Il suo simbolo era un albero convenzionale chiamato Ascera, che veniva trattato come se fosse la dea stessa.
Era chiamata anche Dea della Terra, Signora delle Montagne, La Regina della Terra e Padrona dei Campi.
Nella sua persona è Dea del Cielo, Dea della Terra e Dea degli Inferi.
Nella sua fase luminosa o sopramondana, Ishtar veniva adorata come la Grande Madre che porta la fecondità sulla terra e si prende cura dei suoi figli. Promuoveva la fertilità dell’uomo, quella dei campi e degli animali dei campi. Era la dea della maternità.
Come Regina del Cielo si riteneva che guidasse le stelle. Essa stessa una volta era stata una stella, la stella del mattino e della sera, che accompagnava Sinn, l’antico dio della luna, in veste di moglie. Ma in seguito prese il posto del dio e regnò di sua luce propria.
Divenne quindi Regina di tutte le Stelle e Regina del Cielo. Di notte viaggiava attraverso il cielo su un carro tirato da leoni o da capre. Gli antichi arabi chiamavano Case della Luna le costellazioni zodiacali, mentre tutta la striscia zodiacale era chiamata la «cintura di Isbtar», un termine, che si riferisce al calendario lunare degli antichi, per i quali i mesi erano le dodici lune dell’anno solare.
Perciò Ishtar era la Dea del Tempo, i cui movimenti dirigevano la semina e la mietitura e controllavano il ciclo annuale delle attività agricole.
Era conosciuta come la governatrice morale dell’uomo.
Come Regina degli Inferi, però, diveniva ostile all’uomo e distruggeva tutto ciò che aveva creato precedentemente nella sua attività sopramondana. In questa fase era chiamata Distruttrice della Vita.
Era la Dea dei Terrori Notturni, la Madre Terrificante, dea delle tempeste e della guerra.
Era anche colei che inviava i sogni e i presagi, la rivelazione e la comprensione delle cose che sono nascoste.
Era per mezzo della sua magia che gli uomini ottenevano potere e conoscenza, spesso conoscenza illecita, delle cose segrete e nascoste la cui comprensione reca di per sé il potere.
Ishtar intraprendeva il pericoloso viaggio negli inferi e, sebbene piena di dolori, vinceva alla fine l’oscurità e sorgeva di nuovo come luna nuova, piccola all’inizio ma con il potere di ricreare se stessa.
Perciò, come Sinn, che la precedette, e come Osiride degli Egiziani, diventò la Dea dell’Immortalità, la speranza della vita dopo la morte.
Nelle sue forme continuamente mutevoli essa inter;?preta tutti i possibili ruoli femminili.
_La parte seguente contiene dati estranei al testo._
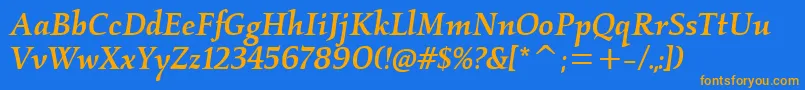 KallosmditcTtMediumitalic-Schriftart – Orangefarbene Schriften auf blauem Hintergrund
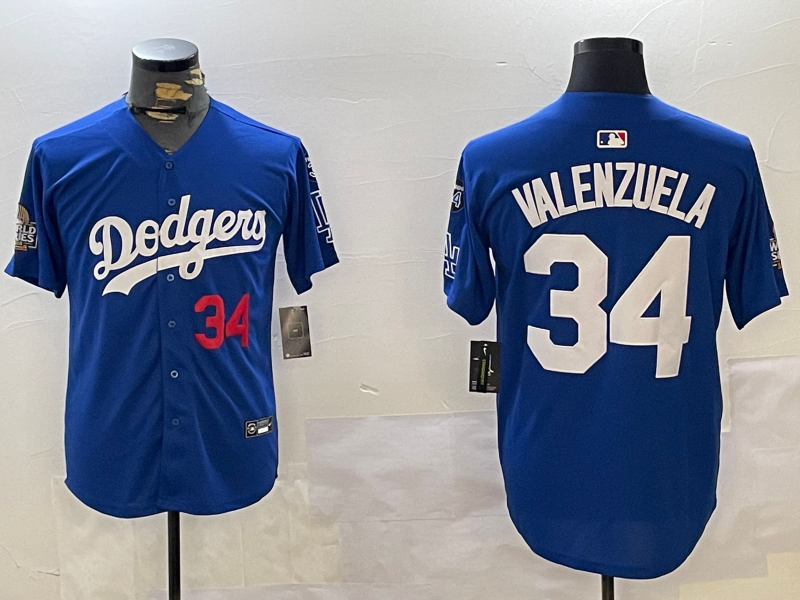Men Los Angeles Dodgers 34 Valenzuela 2024 World series patch blue jersey 20241120125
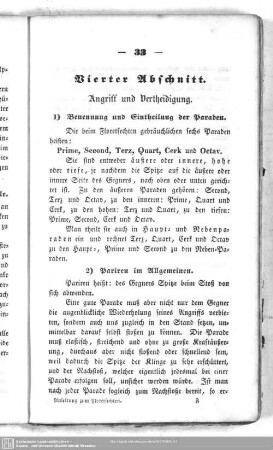 Vierter Abschnitt. Angriff und Vertheidigung
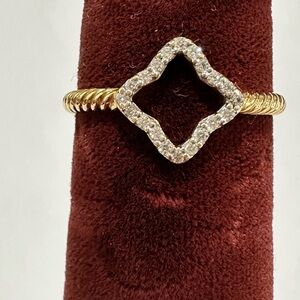 💯Authentic David Yurman Diamond Quadrafoil 18kt ring.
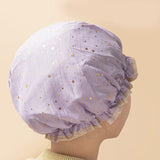 Darrahopens Home & Garden > Bathroom Accessories > Bath Towels & Robes 3 Pack The starry sky is light purple Double Layer Shower Cap for Women Waterproof Bath Hair Cover Reusable Elastic Hat for Spa Salon and Home Use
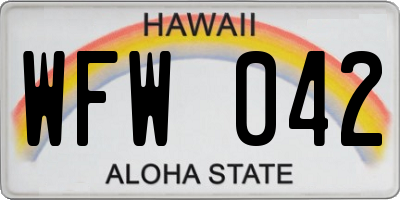 HI license plate WFW042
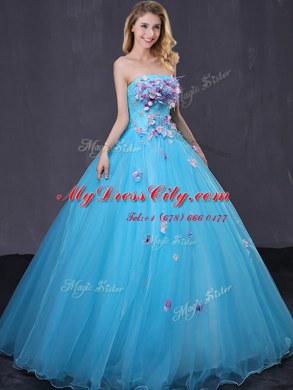 Designer Baby Blue Sleeveless Appliques Floor Length Sweet 16 Dresses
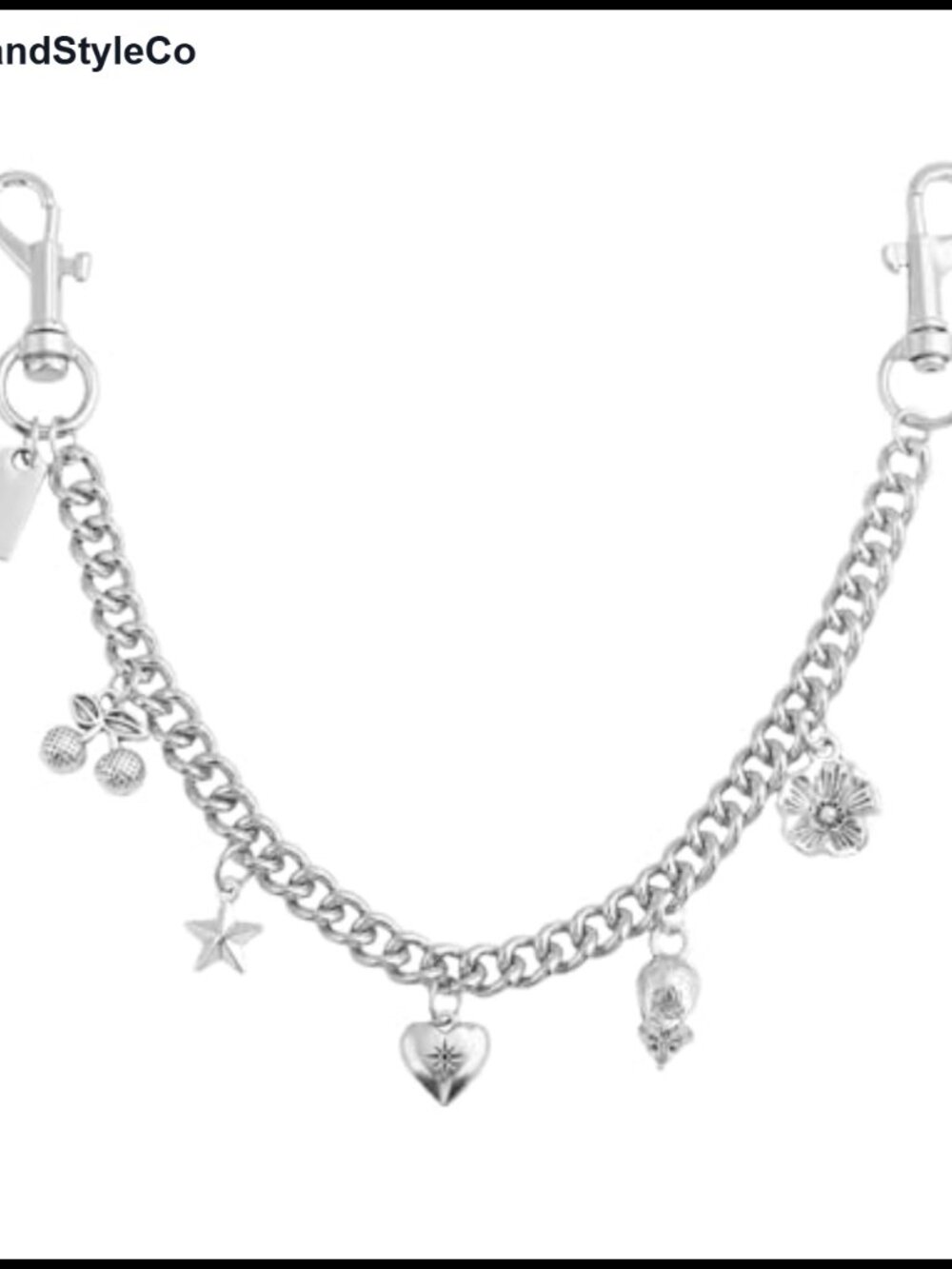 Chunky Metal Purse Chain Heart Star Strawberry Charms Handbag Accessory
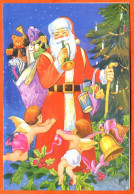 CP NOEL  Pere Noel Trompette Anges Sapin Carte Vierge TBE - Sonstige & Ohne Zuordnung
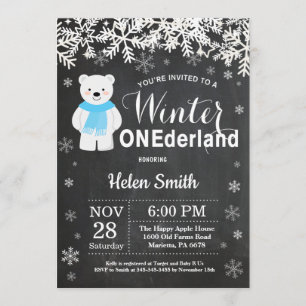Invitación Invierno Onederland Polar Bear Boy Primer cumpleañ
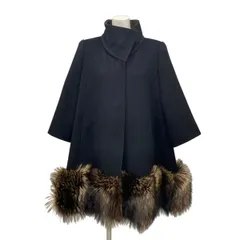 FOXEY(フォクシー) コート サイズ38 M レディース - 27336 黒×アイボリー 長袖/冬 カシミヤ、フォックスのサムネイル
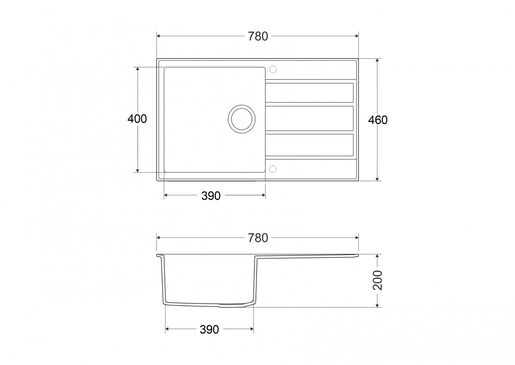 SINK SOLUTION sudoper NATURA 40 PLUS, crni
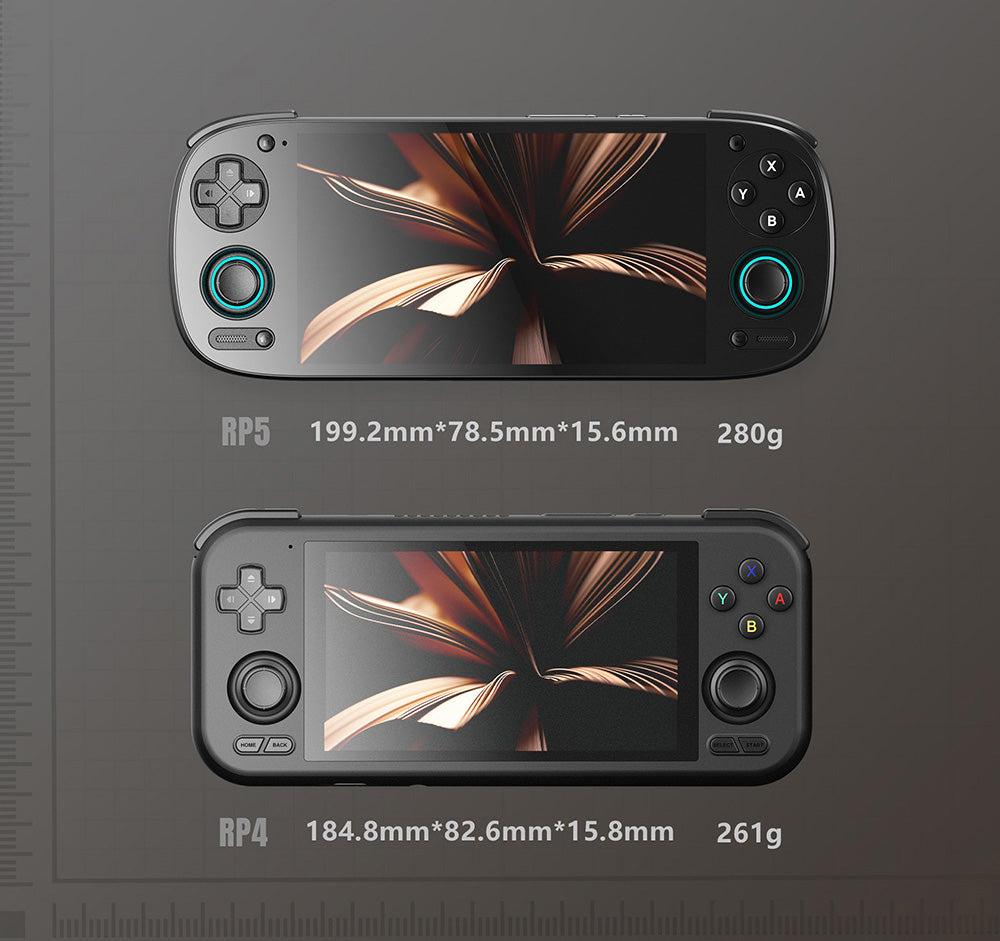 Herní konzole Retroid Pocket 5, Android 13, 5,5palcový 1080p AMOLED displej, 8 GB RAM LPDDR4x, 128 GB úložiště UFS 3.1, WiFi 6 Bluetooth 5.1, baterie 5000 mAh - černá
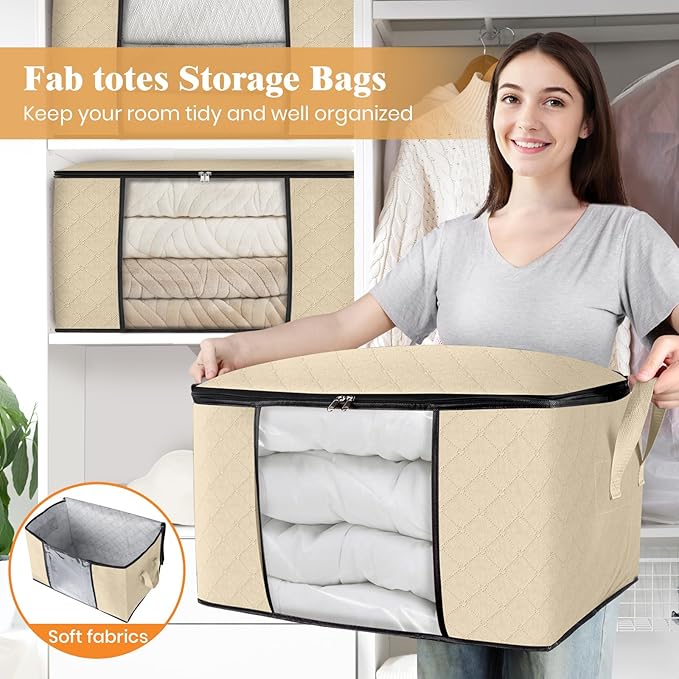 Fab totes 3 Pack Clothes Storage, Foldable Thick Fabric Blanket Storage Bags, Containers for Organizing Bedroom, Closet, Clothing, Comforter,Organization with Handle,Beige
È chiamata figlia e sorella del dio lunare, il quale nello stesso tempo è anche suo figlio.
È la Donna, la personificazione, come direbbero i Cinesi, di yin, il principio femminile, l’Eros.
Per le donne è il principio stesso del loro essere; per gli uomini la mediatrice tra se stessi e la fonte segreta della vita nascosta nelle profondità dell’Inconscio.